YOUR GOAL
For this exercise, repeat exactly the lines below starting at the line holding "Imagem de OFF!" and ending at the line holding "Hirschau Karte Hirschau", both included, with no extra lines and no pictures.

DATA IN THIS EXERCISE
*** Block opens ***
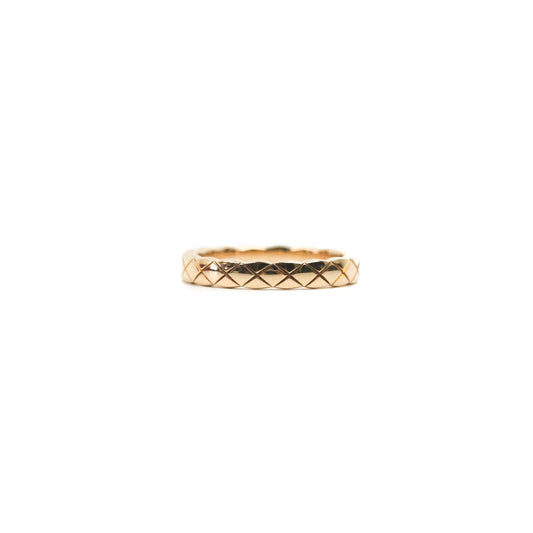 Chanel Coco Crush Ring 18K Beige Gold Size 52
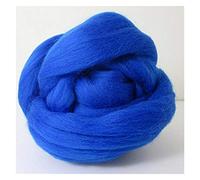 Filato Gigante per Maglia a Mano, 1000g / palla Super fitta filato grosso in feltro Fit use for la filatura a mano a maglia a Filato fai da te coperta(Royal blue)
*** Block closes ***
*** Block opens ***
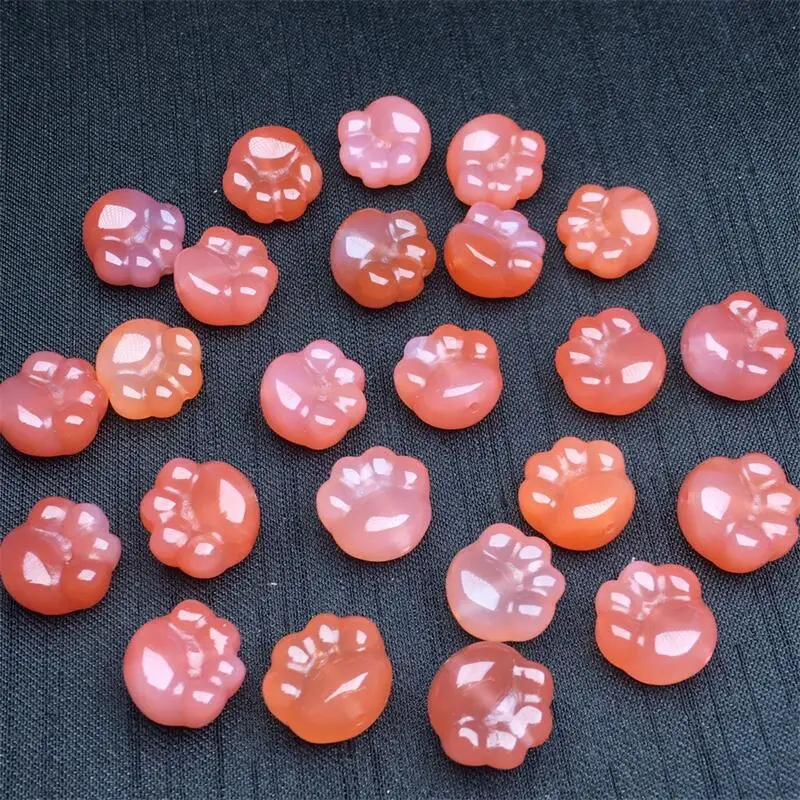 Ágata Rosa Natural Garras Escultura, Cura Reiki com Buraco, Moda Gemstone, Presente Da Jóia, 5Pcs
*** Block closes ***
*** Block opens ***
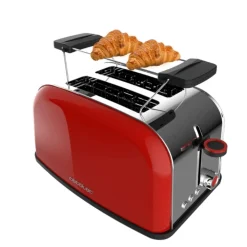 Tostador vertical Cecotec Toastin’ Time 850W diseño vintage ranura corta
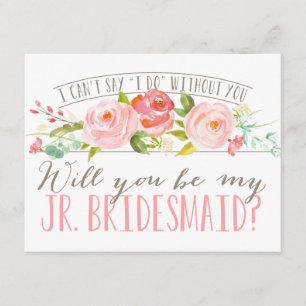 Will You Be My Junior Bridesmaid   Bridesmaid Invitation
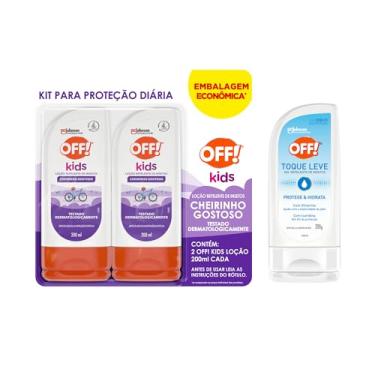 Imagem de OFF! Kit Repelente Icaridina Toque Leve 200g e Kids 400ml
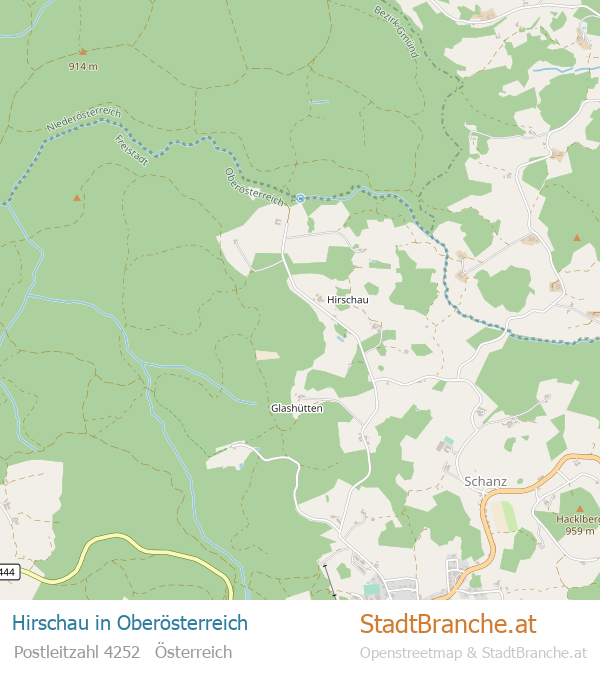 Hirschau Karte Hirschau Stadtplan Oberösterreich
*** Block closes ***
WRITTEN ANSWER
 Imagem de OFF! Kit Repelente Icaridina Toque Leve 200g e Kids 400ml
 Hirschau Karte Hirschau Stadtplan Oberösterreich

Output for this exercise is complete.